### Exercise goal
Copy out each line of the data below in which the string "Fiat" appears.

Records contained in a dataset
◇ ◇ ◇ ◇
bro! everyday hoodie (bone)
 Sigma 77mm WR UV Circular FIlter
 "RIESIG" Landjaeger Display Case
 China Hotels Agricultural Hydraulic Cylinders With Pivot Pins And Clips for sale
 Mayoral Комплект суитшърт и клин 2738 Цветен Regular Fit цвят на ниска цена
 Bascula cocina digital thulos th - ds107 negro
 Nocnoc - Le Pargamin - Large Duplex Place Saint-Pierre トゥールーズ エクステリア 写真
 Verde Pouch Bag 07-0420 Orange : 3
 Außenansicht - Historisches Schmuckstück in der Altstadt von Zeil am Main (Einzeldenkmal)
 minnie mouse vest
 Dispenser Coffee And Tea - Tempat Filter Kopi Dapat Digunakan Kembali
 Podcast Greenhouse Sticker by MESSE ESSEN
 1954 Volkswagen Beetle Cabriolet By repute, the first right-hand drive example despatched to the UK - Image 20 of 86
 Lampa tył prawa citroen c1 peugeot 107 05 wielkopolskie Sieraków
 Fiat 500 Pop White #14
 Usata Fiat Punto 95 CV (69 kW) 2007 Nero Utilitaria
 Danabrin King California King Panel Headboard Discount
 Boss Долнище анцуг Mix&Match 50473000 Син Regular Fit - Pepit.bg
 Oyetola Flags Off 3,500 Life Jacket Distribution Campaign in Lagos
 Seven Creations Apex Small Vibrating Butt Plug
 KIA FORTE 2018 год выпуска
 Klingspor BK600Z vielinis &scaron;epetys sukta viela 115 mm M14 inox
◇ ◇ ◇ ◇
### Answer for the task
 Fiat 500 Pop White #14
 Usata Fiat Punto 95 CV (69 kW) 2007 Nero Utilitaria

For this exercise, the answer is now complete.